Ergüven, “ Kuzey Kıbrıs’taki Deniz limanları herhangi bir uluslararası ambargoya tabi değildir, bu limanlar yasal olarak tanınmaktadır. British Admiralty’nın yayınladığı ve tüm dünya tarafından referans alınan uluslararası yayınlar içerisinde de yer alıyorlar. Bu limanlara her ülkeden gemi girebiliyor. Bu bilginin devletin üst kademeleri tarafından bile bilinmiyor olması bir trajedidir.” dedi.

Ergüven, “Girne Limanı da Gazimağusa Limanı da açıktır. Tüm yabancı gemiler limanı kullanmaktadır. Geçmişte münferit seferler yapan cruise gemilerinin limanlarımıza uğradığı zamanlar olmuştur. Zira hali hazırda yabancı bayraklı yolcu gemileri de limanlarımızı kullanmaktadır. Buradaki tek sıkıntı lobicilik faaliyetlerindeki eksikliktir. Bu limanların yasal olmadığını dünyada iddia eden sadece Rum Yönetimi’dir. Rum tarafı, lobicilikle kuzeye gemi faaliyetlerini engelliyor. İşte biz de CTP’nin bugüne kadar geliştirdiği güçlü uluslararası ilişkiler ağını ve çözüm vizyonunun sağladığı avantajları kullanarak lobicilik faaliyetlerini artıracağız. Kuzey Kıbrıs’a cruise seferlerini başlatmak için çalışacağız ve başaracağız” ifadelerini kullandı.

Kuzey Kıbrıs Limanları ile ilgili Olli Rehn’in “ Kuzeydeki limanlar AB açısından yasaklanmış değildir” açıklamasını hatırlatan Ergüven, bu argümanı da kullanacaklarını vurguladı.

Ulaşım maliyetlerinin yüksek olmasının gerek turizm sektöründeki şirketlerimizi gerekse de seyahat eden vatandaşlarımızı olumsuz etkilediğini belirten Ergüven, maliyetlerin düşürülmesi için mevcut havayolu şirketlerinin sefer sayılarını artırmaları yönünde girişimlerde bulunacaklarını belirtti.

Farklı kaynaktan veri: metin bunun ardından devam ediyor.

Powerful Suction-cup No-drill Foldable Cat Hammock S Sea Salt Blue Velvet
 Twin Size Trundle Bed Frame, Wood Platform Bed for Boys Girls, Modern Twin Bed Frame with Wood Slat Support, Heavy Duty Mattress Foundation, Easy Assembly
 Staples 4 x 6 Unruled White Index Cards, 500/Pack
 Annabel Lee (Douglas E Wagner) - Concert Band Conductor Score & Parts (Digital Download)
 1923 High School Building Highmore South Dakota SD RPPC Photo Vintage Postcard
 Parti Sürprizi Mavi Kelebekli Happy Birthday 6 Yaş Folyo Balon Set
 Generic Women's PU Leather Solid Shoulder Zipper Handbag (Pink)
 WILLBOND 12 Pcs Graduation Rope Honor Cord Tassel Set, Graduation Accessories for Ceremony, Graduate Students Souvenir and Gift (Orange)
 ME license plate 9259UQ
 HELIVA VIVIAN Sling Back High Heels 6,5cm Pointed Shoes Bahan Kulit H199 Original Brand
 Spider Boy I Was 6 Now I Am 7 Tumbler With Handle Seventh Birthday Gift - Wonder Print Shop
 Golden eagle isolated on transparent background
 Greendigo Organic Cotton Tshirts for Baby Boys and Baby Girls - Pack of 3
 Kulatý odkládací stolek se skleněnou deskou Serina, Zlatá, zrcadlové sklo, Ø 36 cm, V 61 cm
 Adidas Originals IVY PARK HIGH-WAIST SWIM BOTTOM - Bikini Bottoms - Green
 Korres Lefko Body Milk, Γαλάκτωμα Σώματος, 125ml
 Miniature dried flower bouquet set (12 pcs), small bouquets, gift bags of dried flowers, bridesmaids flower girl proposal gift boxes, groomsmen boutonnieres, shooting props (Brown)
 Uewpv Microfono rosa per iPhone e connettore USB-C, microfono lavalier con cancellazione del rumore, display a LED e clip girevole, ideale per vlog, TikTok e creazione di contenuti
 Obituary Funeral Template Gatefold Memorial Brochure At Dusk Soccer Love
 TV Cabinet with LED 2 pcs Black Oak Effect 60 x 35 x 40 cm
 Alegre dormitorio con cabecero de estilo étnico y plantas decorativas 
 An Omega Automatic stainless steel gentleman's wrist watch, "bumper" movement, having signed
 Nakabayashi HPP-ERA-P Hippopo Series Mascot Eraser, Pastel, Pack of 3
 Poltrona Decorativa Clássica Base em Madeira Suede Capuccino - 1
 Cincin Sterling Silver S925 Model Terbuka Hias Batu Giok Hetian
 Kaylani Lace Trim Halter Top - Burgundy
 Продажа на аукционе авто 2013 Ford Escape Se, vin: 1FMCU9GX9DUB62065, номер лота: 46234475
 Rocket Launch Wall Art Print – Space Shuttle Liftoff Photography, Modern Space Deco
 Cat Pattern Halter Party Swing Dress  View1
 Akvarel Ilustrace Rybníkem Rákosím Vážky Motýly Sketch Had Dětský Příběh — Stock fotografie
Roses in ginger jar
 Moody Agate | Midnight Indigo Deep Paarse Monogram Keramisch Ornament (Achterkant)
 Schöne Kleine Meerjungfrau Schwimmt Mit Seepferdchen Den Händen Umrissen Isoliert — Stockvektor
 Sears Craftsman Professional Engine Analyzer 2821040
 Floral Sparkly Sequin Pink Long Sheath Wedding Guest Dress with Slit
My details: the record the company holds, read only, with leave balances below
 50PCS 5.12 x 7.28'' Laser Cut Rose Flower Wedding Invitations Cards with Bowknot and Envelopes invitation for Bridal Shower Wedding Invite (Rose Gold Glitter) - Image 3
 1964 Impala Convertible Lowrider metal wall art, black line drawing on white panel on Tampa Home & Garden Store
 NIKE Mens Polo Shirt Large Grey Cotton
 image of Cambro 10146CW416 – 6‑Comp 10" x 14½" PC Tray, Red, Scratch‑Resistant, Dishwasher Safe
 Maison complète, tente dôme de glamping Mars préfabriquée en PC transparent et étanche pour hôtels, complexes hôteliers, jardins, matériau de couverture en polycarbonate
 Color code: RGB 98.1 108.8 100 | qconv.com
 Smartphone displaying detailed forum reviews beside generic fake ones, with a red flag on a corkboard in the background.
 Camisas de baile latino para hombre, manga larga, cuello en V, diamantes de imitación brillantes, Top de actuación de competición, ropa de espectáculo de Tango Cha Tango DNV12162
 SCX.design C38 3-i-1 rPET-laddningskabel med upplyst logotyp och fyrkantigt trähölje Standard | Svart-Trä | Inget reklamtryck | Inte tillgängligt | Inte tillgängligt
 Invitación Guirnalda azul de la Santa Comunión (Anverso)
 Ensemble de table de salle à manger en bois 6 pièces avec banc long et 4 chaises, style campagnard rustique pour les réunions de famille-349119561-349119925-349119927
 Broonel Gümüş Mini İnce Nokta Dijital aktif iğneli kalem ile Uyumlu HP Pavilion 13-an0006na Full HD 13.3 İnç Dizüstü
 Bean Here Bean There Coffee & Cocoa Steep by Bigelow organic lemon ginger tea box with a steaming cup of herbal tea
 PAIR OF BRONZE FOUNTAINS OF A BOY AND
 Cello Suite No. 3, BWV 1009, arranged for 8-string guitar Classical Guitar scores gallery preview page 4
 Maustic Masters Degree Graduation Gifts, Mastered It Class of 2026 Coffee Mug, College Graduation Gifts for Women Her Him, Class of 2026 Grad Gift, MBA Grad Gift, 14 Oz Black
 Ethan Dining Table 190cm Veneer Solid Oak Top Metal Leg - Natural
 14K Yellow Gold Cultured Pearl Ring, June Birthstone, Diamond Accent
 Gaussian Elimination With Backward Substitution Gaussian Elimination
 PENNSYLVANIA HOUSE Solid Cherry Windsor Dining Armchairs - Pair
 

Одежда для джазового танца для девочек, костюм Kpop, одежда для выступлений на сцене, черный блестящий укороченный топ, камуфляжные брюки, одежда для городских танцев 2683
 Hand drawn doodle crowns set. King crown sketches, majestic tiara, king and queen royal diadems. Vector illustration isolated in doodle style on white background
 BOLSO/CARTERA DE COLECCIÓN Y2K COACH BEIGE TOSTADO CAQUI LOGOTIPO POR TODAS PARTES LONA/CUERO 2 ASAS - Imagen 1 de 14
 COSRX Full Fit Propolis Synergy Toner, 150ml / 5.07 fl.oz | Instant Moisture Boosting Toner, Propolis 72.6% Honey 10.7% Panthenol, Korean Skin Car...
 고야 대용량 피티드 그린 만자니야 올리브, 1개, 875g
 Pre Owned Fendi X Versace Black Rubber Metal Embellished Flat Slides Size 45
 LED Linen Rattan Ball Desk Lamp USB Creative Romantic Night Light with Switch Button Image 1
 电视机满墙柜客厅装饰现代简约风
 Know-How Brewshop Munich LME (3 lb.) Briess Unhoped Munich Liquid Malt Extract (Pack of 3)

Ülkemiz iş insanlarının güçlerini birleştirerek yeni bir havayolu şirketi kurulması için devletin öncü ve teşvik edici olması gerektiğini vurgulayan Ergüven, bu girişimlerin sonuç vermesi halinde rekabet koşullarının gelişeceğini ve ulaşım maliyetlerinin düşeceğini kaydetti.

Ercan Havaalanı işletme devri kapsamında işletmeciye 25 yıl boyunca yolcu trafiği için tek havaalanı kullanılacağının taahhüdünün verildiğini hatırlatan Ergüven, işletme süresinin 29 yıla çıkarılmasını eleştirdi.

Maliyetleri düşürmek için çeşitli girişimler tasarladıklarını ifade eden Ergüven, farklı havayolu şirketlerinin de seferler düzenlemesi için olanaklar yaratılabileceğini, ayrıca farklı destinasyonların da hedefleneceğini anlattı.

Ergüven, “Farklı destinasyonlara da tarifeli seferler yapılabilmesine olanak sağlamak için yabancı şirketlerle de oturup konuşacağız, onları davet edeceğiz. Konu üzerinde çalışıyoruz. Bu konuda lobicilik faaliyetlerine girişeceğiz. Bu kapasitemiz vardır, bunu kullanacağız’’ dedi.

CTP’nin Ekonomik-Sosyal Kalkınma Programında havayolu ulaşımı ve deniz limanlarına ilişkin hedeflerin yanı sıra sektörde çalışma koşullarının düzenlenmesi ve yerli istihdam olanaklarının artırılması gibi hedefler de dikkat çekiyor.